Writer Vita Ayala has been shaking up the comics industry with their work on indie darlings like The Wilds and Submerged. Their impact has quickly spread to the Big Two, where Ayala introduced DC’s first non-binary character in Supergirl, wrote stunning shorts featuring Wonder Woman, and is of course shaping the future of the X-Men with Children of the Atom.
Now, they’re wrangling the character they’ve always dreamed of: Batman. In Batman: Secret Files #3, Ayala, artist Andie Tong, colorist Alejandro Sanchez, and letterer Rob Leigh paint a picture of Batman as a carer, a father, and a hero who at his heart just wants to make everyone better. Taking on an iconic character like Batman is no easy feat and Ayala was just as overwhelmed and excited as anyone would be. “I was majorly intimidated the whole time,” they told Nerdist.
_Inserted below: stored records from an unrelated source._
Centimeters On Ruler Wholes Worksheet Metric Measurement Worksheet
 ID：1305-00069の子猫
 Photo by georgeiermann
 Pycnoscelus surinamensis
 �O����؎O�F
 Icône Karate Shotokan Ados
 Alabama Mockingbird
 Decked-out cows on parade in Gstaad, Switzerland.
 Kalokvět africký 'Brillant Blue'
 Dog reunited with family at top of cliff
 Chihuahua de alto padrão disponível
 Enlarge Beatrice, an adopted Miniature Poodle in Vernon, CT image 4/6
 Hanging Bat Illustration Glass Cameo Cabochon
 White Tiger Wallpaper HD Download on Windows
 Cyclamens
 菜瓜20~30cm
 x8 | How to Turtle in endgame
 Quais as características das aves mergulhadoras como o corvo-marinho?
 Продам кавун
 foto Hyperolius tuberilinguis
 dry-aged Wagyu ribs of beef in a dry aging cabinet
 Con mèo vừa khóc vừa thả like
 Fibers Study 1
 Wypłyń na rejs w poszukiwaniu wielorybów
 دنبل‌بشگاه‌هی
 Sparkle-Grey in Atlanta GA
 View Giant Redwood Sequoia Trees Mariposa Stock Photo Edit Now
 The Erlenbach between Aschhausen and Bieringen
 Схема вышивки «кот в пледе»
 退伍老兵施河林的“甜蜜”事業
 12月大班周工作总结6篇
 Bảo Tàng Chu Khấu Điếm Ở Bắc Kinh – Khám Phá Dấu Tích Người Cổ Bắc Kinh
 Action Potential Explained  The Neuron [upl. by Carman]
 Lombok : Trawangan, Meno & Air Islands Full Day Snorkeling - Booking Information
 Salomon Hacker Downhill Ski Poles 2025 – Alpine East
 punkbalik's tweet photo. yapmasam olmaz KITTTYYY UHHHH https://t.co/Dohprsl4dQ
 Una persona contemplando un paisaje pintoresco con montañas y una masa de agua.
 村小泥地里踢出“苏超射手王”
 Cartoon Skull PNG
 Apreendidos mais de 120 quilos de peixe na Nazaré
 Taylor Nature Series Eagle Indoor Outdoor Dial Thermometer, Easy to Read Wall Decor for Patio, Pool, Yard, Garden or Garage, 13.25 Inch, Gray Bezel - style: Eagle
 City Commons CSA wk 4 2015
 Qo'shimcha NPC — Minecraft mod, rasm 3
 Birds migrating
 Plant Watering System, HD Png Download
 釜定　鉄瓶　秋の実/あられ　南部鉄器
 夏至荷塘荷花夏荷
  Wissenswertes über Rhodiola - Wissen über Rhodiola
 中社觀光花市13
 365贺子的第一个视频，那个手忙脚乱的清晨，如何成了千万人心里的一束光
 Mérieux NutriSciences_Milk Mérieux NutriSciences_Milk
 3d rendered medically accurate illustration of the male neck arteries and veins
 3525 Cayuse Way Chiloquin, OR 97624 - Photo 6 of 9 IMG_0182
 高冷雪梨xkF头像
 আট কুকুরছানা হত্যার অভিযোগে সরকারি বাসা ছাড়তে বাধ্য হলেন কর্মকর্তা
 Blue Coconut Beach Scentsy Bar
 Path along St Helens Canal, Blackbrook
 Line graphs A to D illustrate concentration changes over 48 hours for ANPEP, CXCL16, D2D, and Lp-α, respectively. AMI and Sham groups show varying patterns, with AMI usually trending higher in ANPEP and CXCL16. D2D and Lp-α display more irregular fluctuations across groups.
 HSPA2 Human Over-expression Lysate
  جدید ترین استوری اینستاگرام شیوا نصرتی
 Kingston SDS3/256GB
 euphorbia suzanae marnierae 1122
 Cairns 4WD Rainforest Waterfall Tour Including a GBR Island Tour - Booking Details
Like many of us, Ayala’s first brush with the sprawling world of superheroes was Tim Burton’s iconic 1989 Batman movie. “I saw it when I was four years old—that was my first non-kids movie in the theaters and it was absolutely wild,” the writer explained. “It’s so strange because I’ve been really lucky in that I’ve been able to write a lot of heroes that I grew up loving, but I don’t know, there’s something about this one that was surreal.”
As a huge fan of the character, taking on Batman for the first was a massive deal for Ayala and brought up some emotional memories. “The first thing I did was call my best friend Danny Lore, and I was like, ‘Danny, I made it. You know that thing we thought we’d never do?’,” they said. “When we worked at Forbidden Planet we both had this one thing where if we got into comics we’d know that we’d made it and this was mine. So it was incredible to get the art back and know that I’m a part of something that looks so beautiful. To me, writing stuff aside, just the way that the art team expresses the story is so incredible.”
Coming up with the story was a collaborative process between Ayala and their editor Dave Wielgosz. “I had a vague kind of notion of what I would find interesting to tell a story about Batman and his need to kind of reach out and try to save people on an individual level,” Ayala said. “I have a lot to say about the Bat-Family. But the project was also supposed to be about him tangling with an assassin. And so I thought: All right, how do we get at the thing that I find the most interesting and relatable about Batman while also doing that?”
As our exclusive pages reveal, the answer was to pit the Caped Crusader against the young assassin Cheshire, which sparks his most paternal and caring instincts. In turn, this accessed exactly what it is that makes the hero appealing to Ayala. “What I find interesting about Batman is when he’s doing things like saving orphaned kids or that episode of the animated series when Harley is having a really bad day and he gives her the dress at the end! That’s my Batman,” they laughed.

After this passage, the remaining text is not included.